▶ **Work instructions**: Instruction for the data below: set down exactly the lines from the line with "Игрушка Пижон жевательная" to the line with "石世界 · 珍稀矿石的展示空间-3", inclusive, and no others.

▶ **Material for the task**:
□ □ □

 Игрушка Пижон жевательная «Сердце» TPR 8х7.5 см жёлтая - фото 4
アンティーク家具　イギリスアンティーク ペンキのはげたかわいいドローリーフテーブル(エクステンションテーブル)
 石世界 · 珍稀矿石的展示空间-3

□ □ □

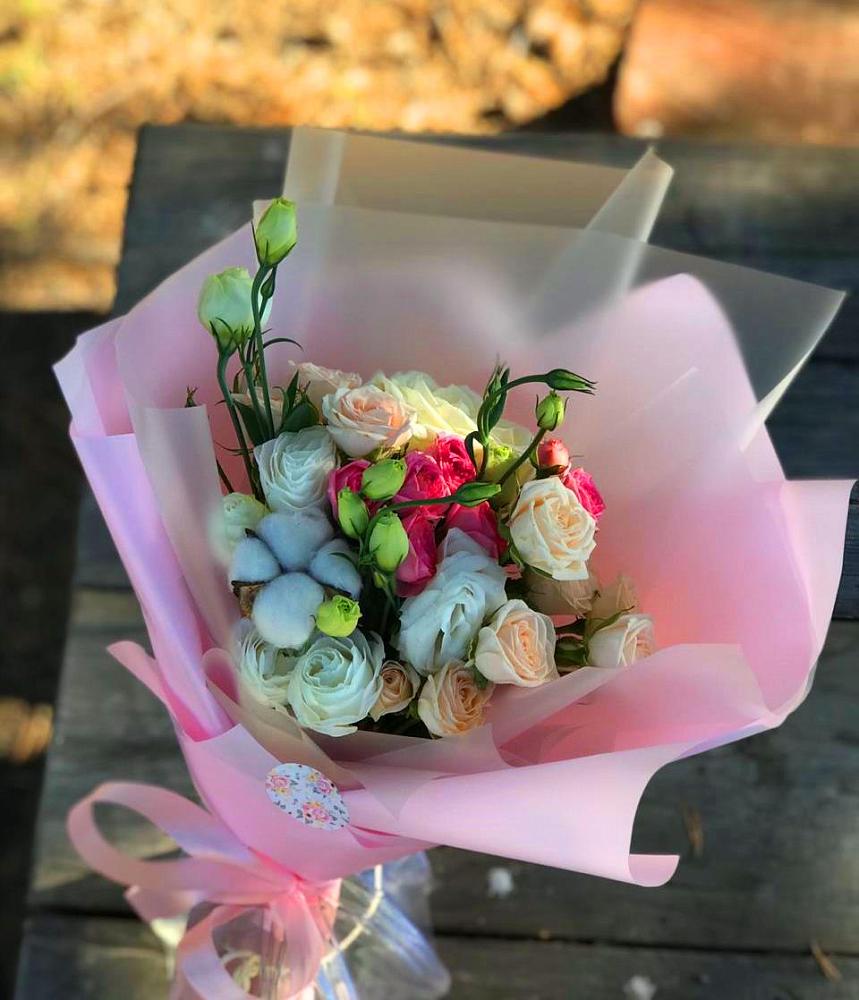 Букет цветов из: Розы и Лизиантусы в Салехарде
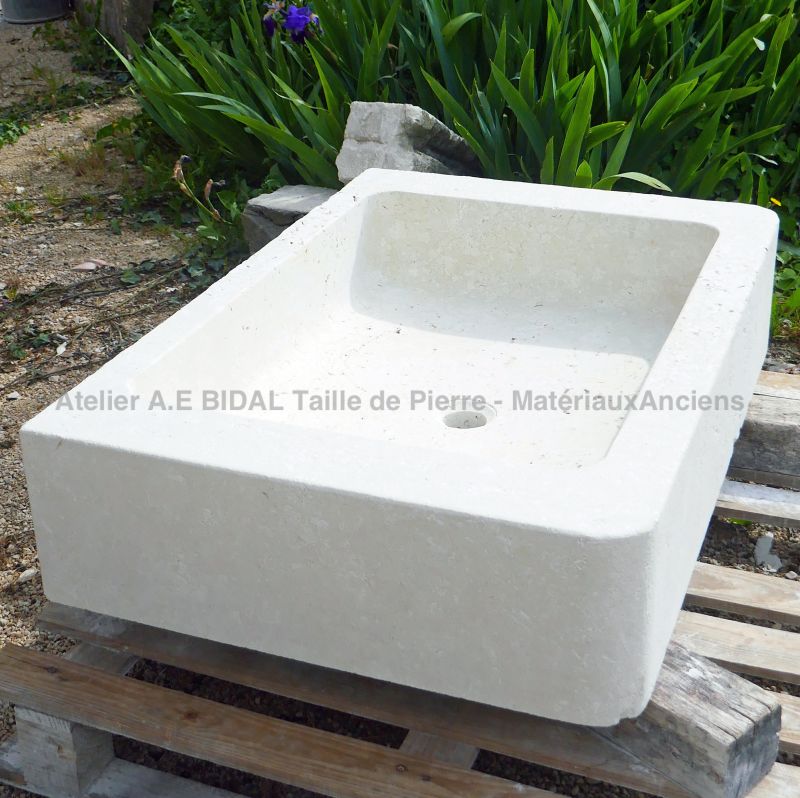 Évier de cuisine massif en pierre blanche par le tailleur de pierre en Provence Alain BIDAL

□ □ □

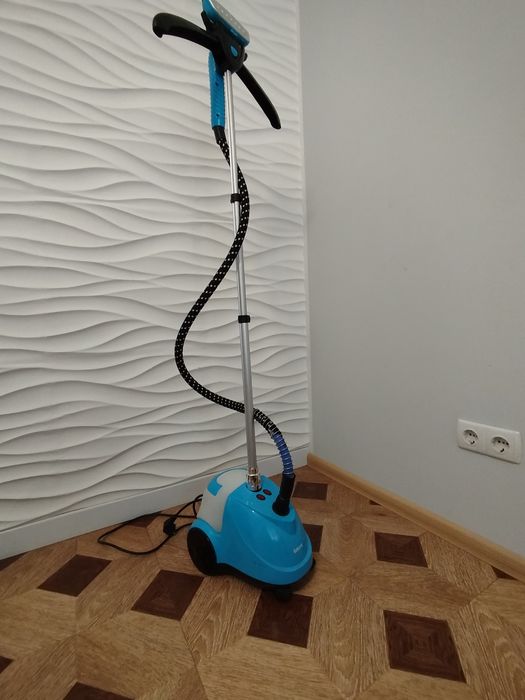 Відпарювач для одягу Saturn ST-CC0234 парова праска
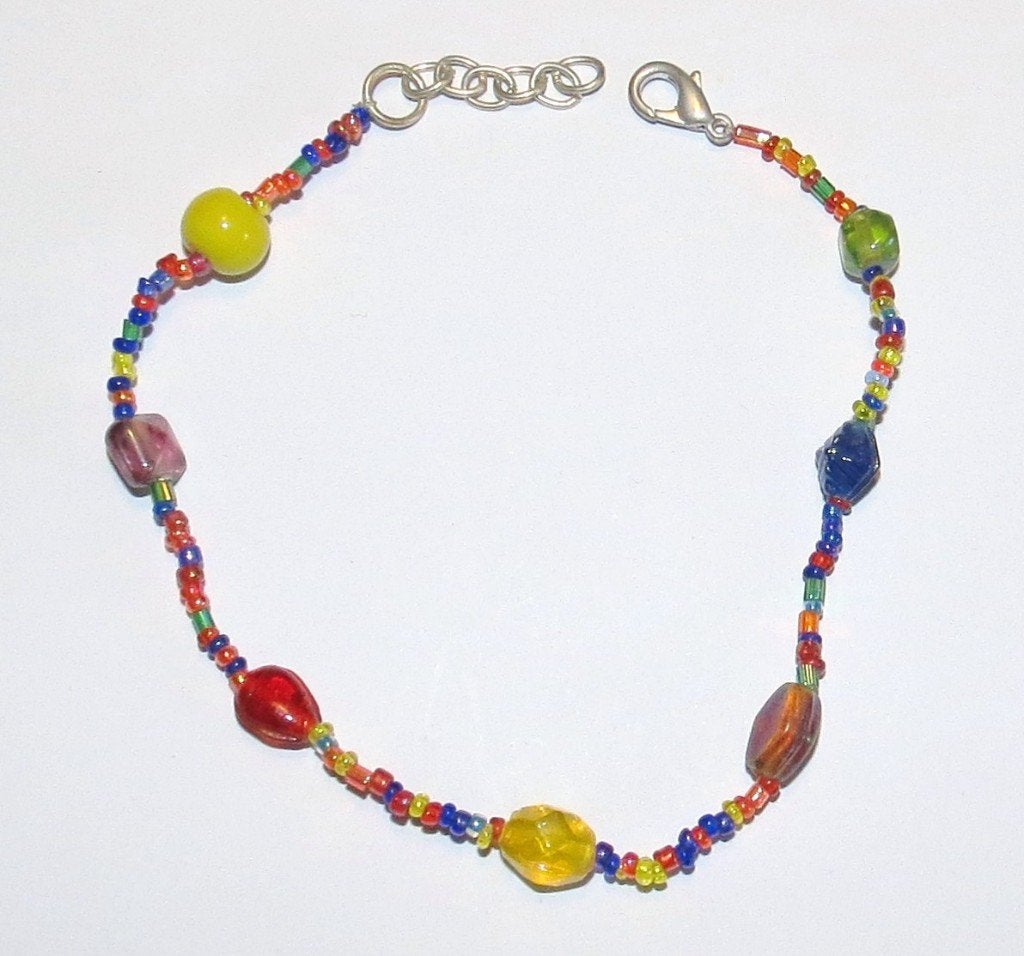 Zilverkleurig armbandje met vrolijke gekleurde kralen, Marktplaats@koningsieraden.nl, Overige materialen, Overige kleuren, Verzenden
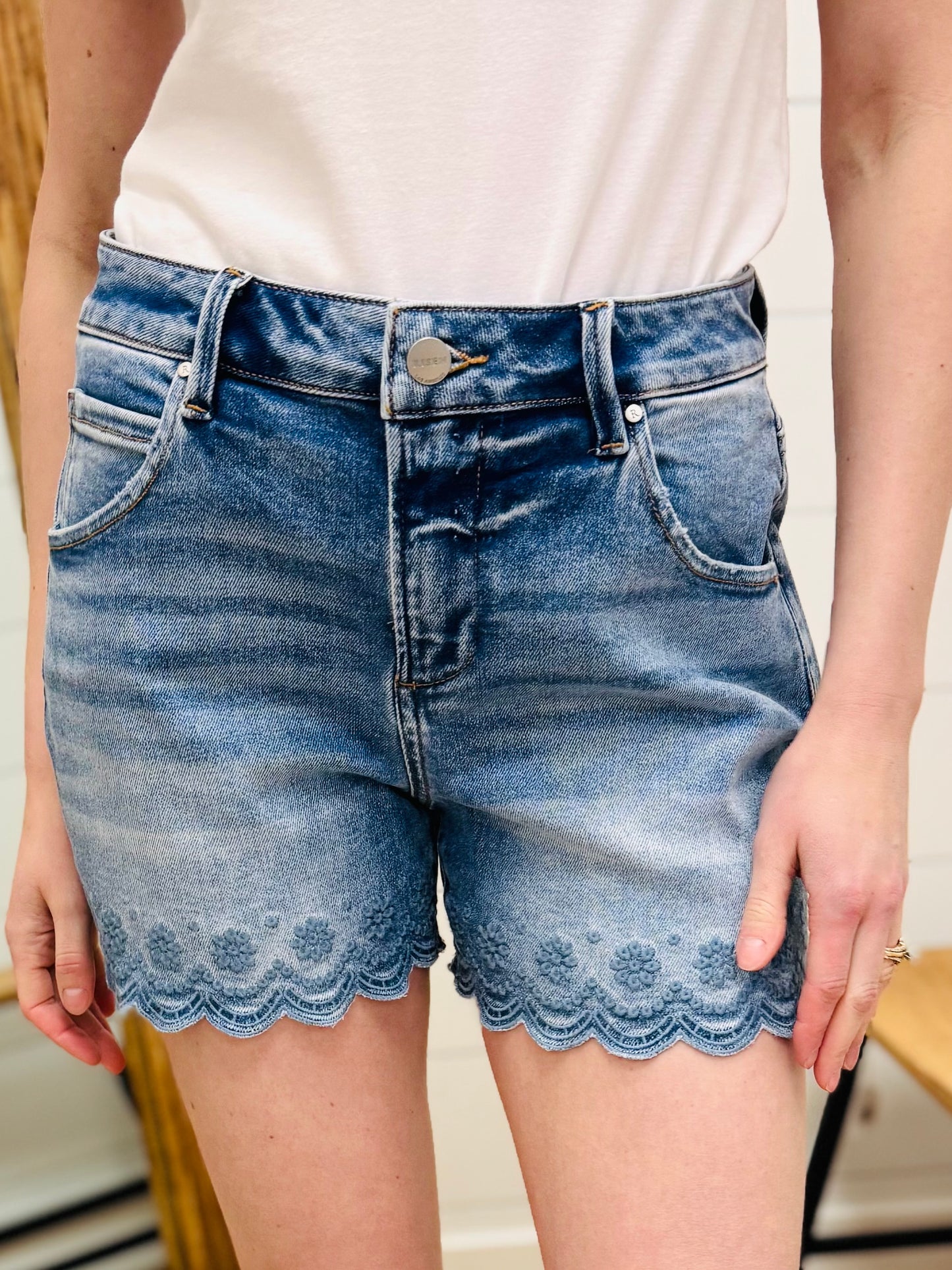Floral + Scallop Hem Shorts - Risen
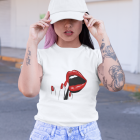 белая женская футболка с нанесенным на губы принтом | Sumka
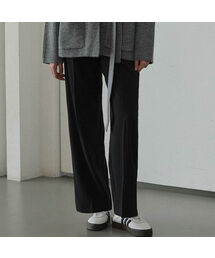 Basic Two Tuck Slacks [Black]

□ □ □

▶ **Solution**:
 Игрушка Пижон жевательная «Сердце» TPR 8х7.5 см жёлтая - фото 4
アンティーク家具　イギリスアンティーク ペンキのはげたかわいいドローリーフテーブル(エクステンションテーブル)
 石世界 · 珍稀矿石的展示空间-3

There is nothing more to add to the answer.